Estuve viendo un poco mas. Ahora puse la señal cuadrada directamente en la entrada de la placa, saltando un crossover que trae integrado y los potenciómentros de volumen.
Hecho esto, la distorsión desparece, así que el problema está seguramente en la etapa de entrada.
Ahora entonces, tengo dos problemas jajaja, uno la distorsión, el otro: porqué no puedo calibrar bias??? 
Es todo muy raro...


----------



## Daniel Lopes (Abr 7, 2019)

Bueno si fuese facil cualquer uno lo haria , jajajajajajajaja
Pero ya tienes un dirección a tomar y eso ya es una buena cosa , tienes que analizar mas detenidamente lo paso previo.
Cuanto a la polarización quiescente del paso final haberias de tener disponible en las manos lo diagrama esquemactico para una analise mas detallada.
!Suerte!.
Att,
Daniel Lopes.


----------



## Lucho LP (Abr 9, 2019)

Buenas tardes!
No encontré esquema del circuito desafortunadamente.
Bueno, finalmente solucioné el problema de la distorsión, el ajuste de bias y offset.
Resulta que los presets multivueltas que controlan el ajuste de bias son realmente de muchísimas vueltas... así que para hacer el ajuste tuve que girarlo y girarlo y girarlo... jajaja, lo mismo en ambos canales.
La tensión hay que medirla sobre las resistencias de 22 Ohms / 3 W que estan conectadas a los emisores del par de exitación final, conformado por un C5158 y un A1941, que está montado en el disipador junto a los transistores de salida. Los transistores de salida son también C5158 y A1941, así que hay que identificarlos bien siguiendo las pistas. 
Dejé la tensión de bias en 420 mV con un offset en la salida de unos 10 mV.
El ajuste de offset como comenté anteriormente se hace con el otro preset común.
Ahora está bajo prueba en modo BRIDGE con carga fantasma de 4 Ohms y señal de audio al punto de clipping, volumen al máximo y los disipadores llegan a unos 50 °C.
En modo stereo ya no volví a escuchar la distorsión que molestaba tanto!
En fin, pareciera que está solucionado.
No hay mucha información de estas potencias, así que espero que lo contado les sirva también a ustedes.
Un abrazo!


----------



## Lucho LP (Abr 10, 2019)

Buenos días!
Actualizo los ajustes porque los fuí cambiando, debido a que luego de pasar un rato encendido el equipo, la temperatura era alta y no me convencía...
En primer lugar, estoy usando carga fantasma de 8 Ohms, ya que esa es la impedancia mínima!
Dejé la tensión de bias en 290 mV y parece que el balance es bueno tras un largo rato de funcionamiento y ya no se calienta tanto.
Un abrazo!


----------



## secasco (Oct 6, 2019)

buenas tardes tengo una pax 700 que se quemaron demasiadas resistencias y la placa tambien alguno tiene fotos como para yo sacar los valores e resistencias plano no encontre ninguno gracias


----------



## Lucho LP (Oct 6, 2019)

En el post #6 hay una foto de un canaldonde se pueden ver algunos valores... No dispongo de mayor información, aparte de la ya existente en este hilo, lamentablemente...
Un abrazo!


----------



## Sharesound (Dic 20, 2019)

secasco dijo:


> buenas tardes tengo una pax 700 que se quemaron demasiadas resistencias y la placa tambien alguno tiene fotos como para yo sacar los valores e resistencias plano no encontre ninguno gracias


Tengo una 700 reparando en este momento, que info necesitas?


----------



## secasco (Dic 20, 2019)

Sharesound dijo:


> Tengo una 700 reparando en este momento, que info necesitas?
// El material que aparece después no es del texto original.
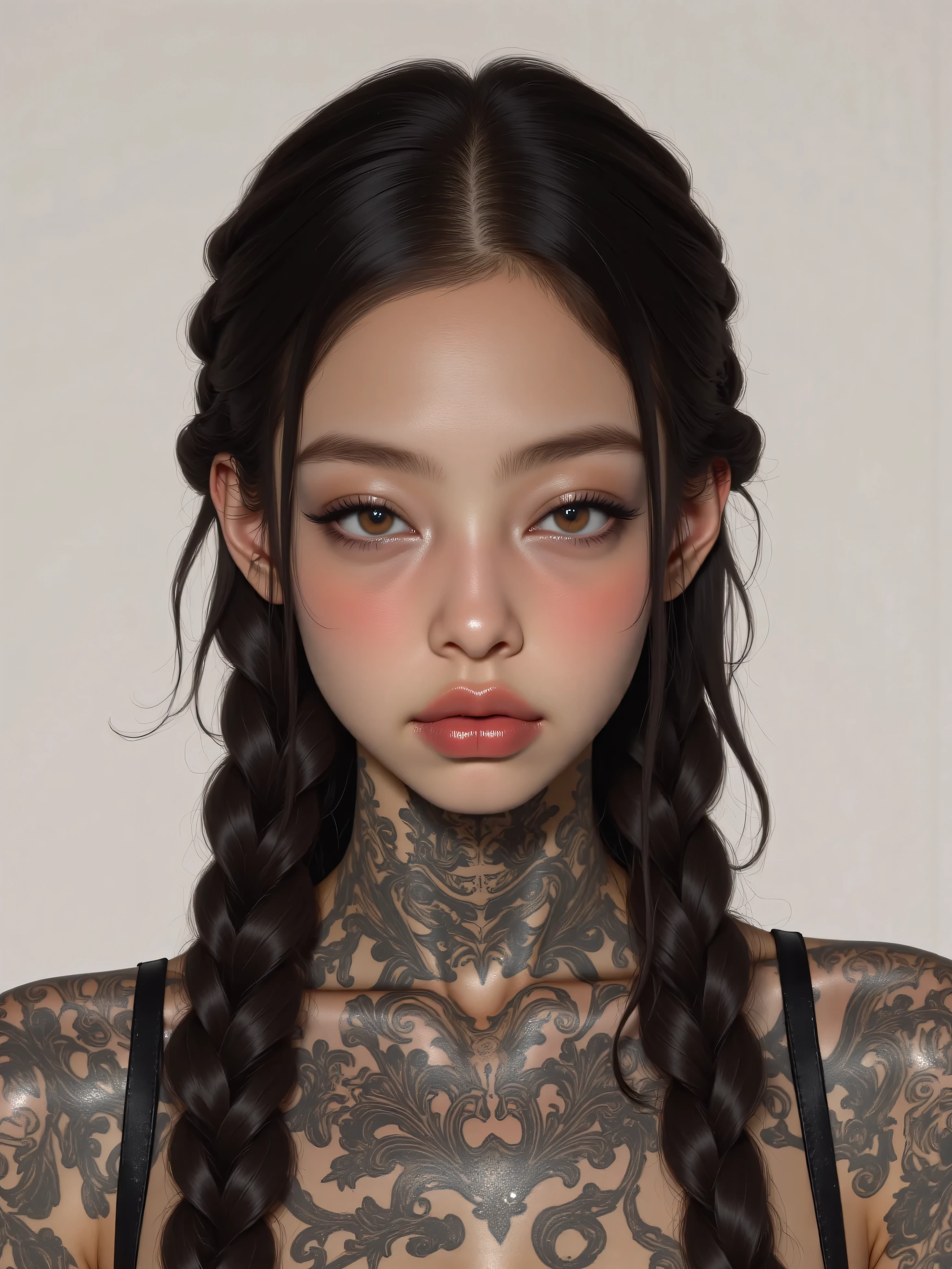 jennie kim, a white girl with 1,60 tall, black braids in hair and a normal body Braids all over hair ,as if they had been placed But they are loose not attached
fotos de la placa se me quemo todo y el la placa estan los valores
tiene resistencia metal de 1r5, la de las base es de 10r muchos 4148 pero no se si alguno es zener aproveche y m traje de afuera resistencias transistores todo para repararla antes del impuestaso de 30


algo asi pero que lo pueda interpretar


----------



## Sharesound (Dic 25, 2019)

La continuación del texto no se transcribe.